2月10日の「フットケアの日」を前に、日本フットケア学会、日本下肢救済・足病学会は、糖尿病神経障害や末梢動脈疾患(PAD)を要因とする足病診療の実態調査の結果を発表した。
年間1万人以上が下肢切断 放置例が多い
日本では、糖尿病などが原因で足病変が重症化し、下肢切断に至るケースが年間1万人以上に上る。その解決策を探るため、両学会が患者および医師を対象に調査を実施した。
調査では、末梢動脈疾患(PAD)の疑いがある症状で医療機関などを受診した人のうち、4人に1人の25.6%は重症下肢虚血(CLI)が疑われる症状になってからはじめて受診したということが判明した。また、CLIの疑いがある人のうち3割が医療機関などを受診したことがないと回答した。
足病変ハイリスク患者に対し定期的にフットケアを行っている腎臓内科・糖尿病内科の医師はともに4割であることもあきらかになった。また、CLIが発症要因の一つである足の潰瘍・壊疽に対して、診断・治療アルゴリズムを設定していると回答したのは全7診療科平均で1割だった。

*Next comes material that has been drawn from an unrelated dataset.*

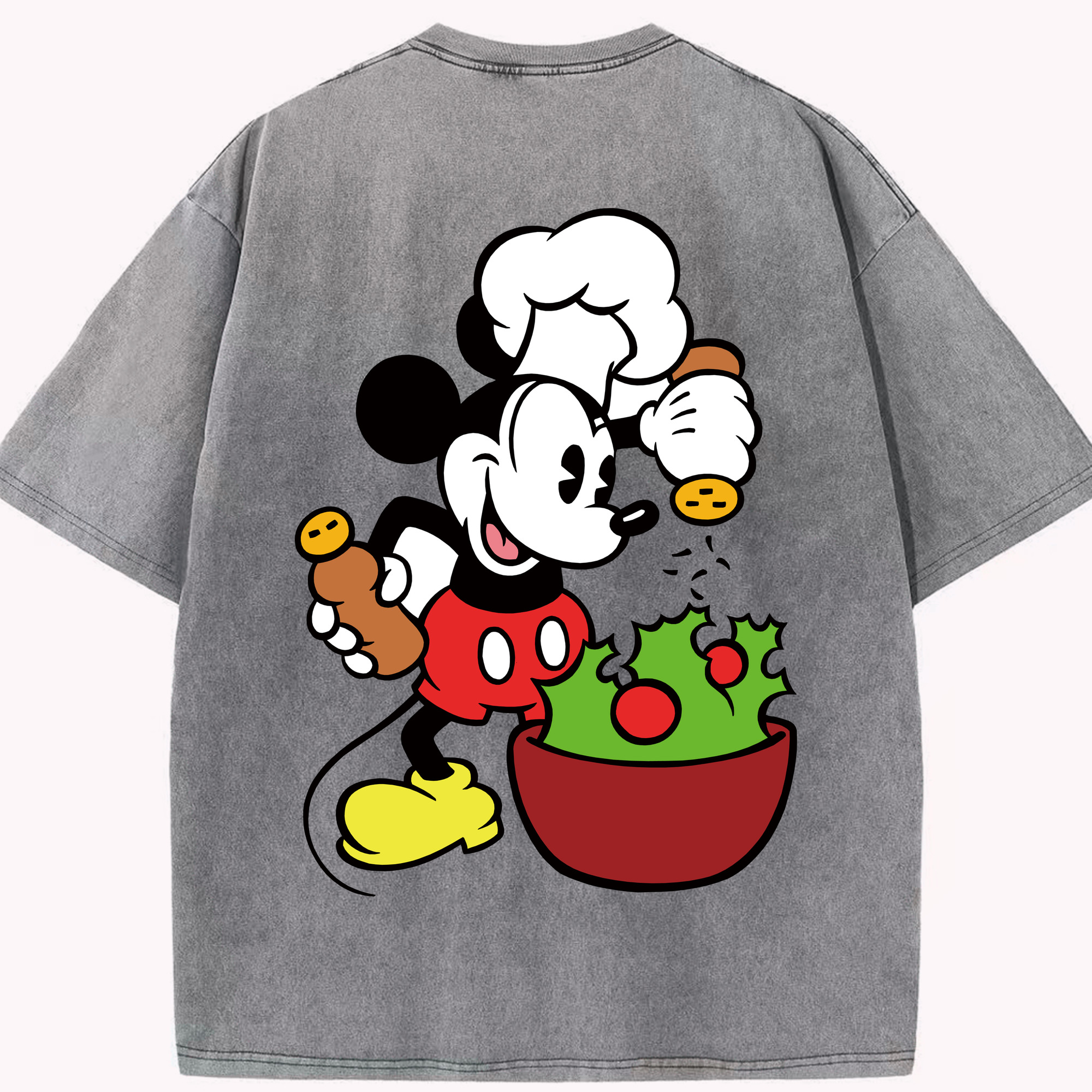 （画像用） ミッキーマウス Mickey Mouse 綿100% ヴィンテージ風 半袖Tシャツ（背面プリント）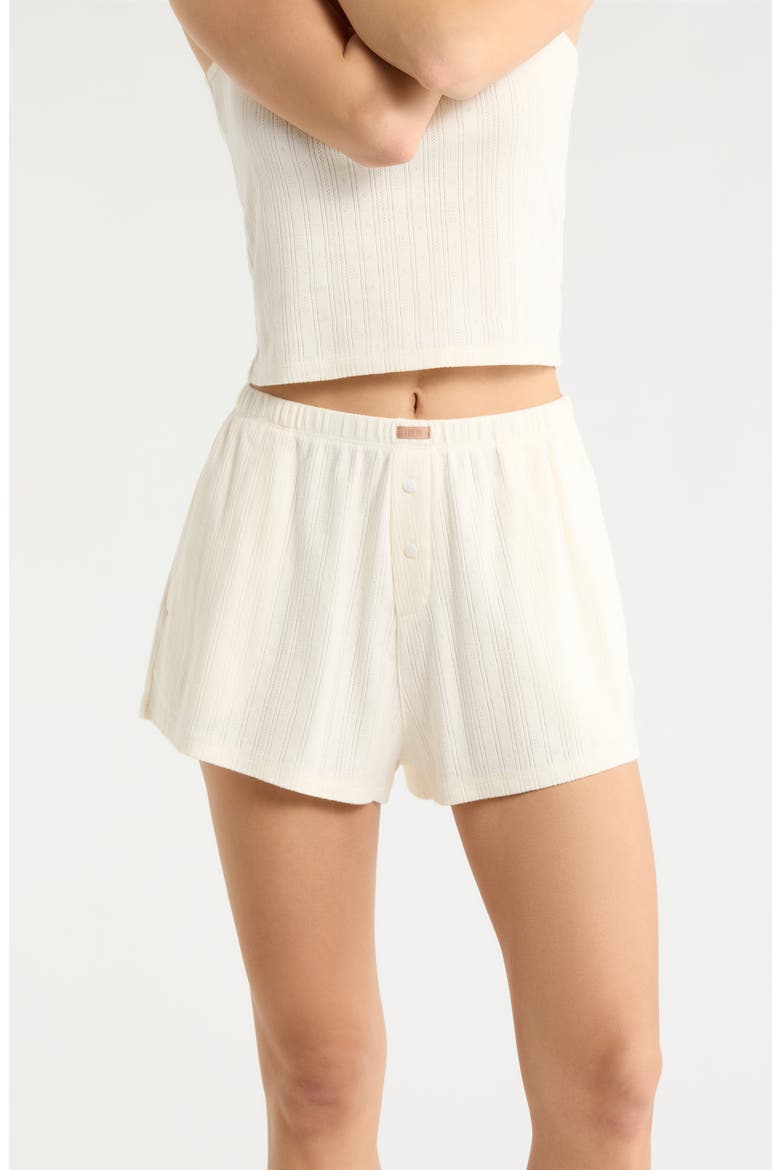 Pointelle High Waist Pajama Shorts, Main, color, TRANQUIL WHITE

日本フットケア学会理事長の小林修三先生(湘南鎌倉総合病院副院長)は、「慢性腎臓病、特に透析患者はPAD発症リスクが高いにもかかわらず、足病変の予防やスクリーニングの体制が十分ではなく、また、CLIの可能性がある段階ではじめて受診している人が少なくないことがあきらかとなりました」と述べている。
複数の診療科が連携して行う集学的治療が欠かせない
PADは、病態に応じた治療が必要となる。基礎疾患である糖尿病・透析のコントロールに加え、日ごろのフットケア、運動療法、血行再建術、虚血による壊疽・潰瘍部の治療、疼痛コントロール、感染コントロール、リハビリなど多岐に渡るため、単診療科で治療を完結させるのは難しい。
糖尿病やPADの増加を背景に、ここ数年、全国各地にフットケア・下肢救済に特化した専門外来が開設されつつある。血行再建治療(カテーテル治療やバイパス術)が進歩しており、足潰瘍・壊疽の治療は向上しているが、そのためには複数の診療科が連携して行う集学的治療が欠かせない。
調査では、PADやCLIの集学的治療のために連携を組んでいる医師は全7診療科で27.7%、「連携も組んでおらず紹介先もない」は12.0%(69/575人)という結果になった。
日本下肢救済・足病学会理事長の大浦武彦先生(褥瘡・創傷治癒研究所所長、北海道大学名誉教授)は、「下肢切断を回避するためには集学的治療が重要ですが、実際にはまだ連携が十分ではなく、集学的治療によって下肢救済の恩恵を受けている人はごく一部に限られていることがあきらかとなりました。下肢救済のためには、足病変の早期発見のための効果的なスクリーニング体制を整備するとともに、集学的治療のための連携体制を構築することが急務です」と述べている。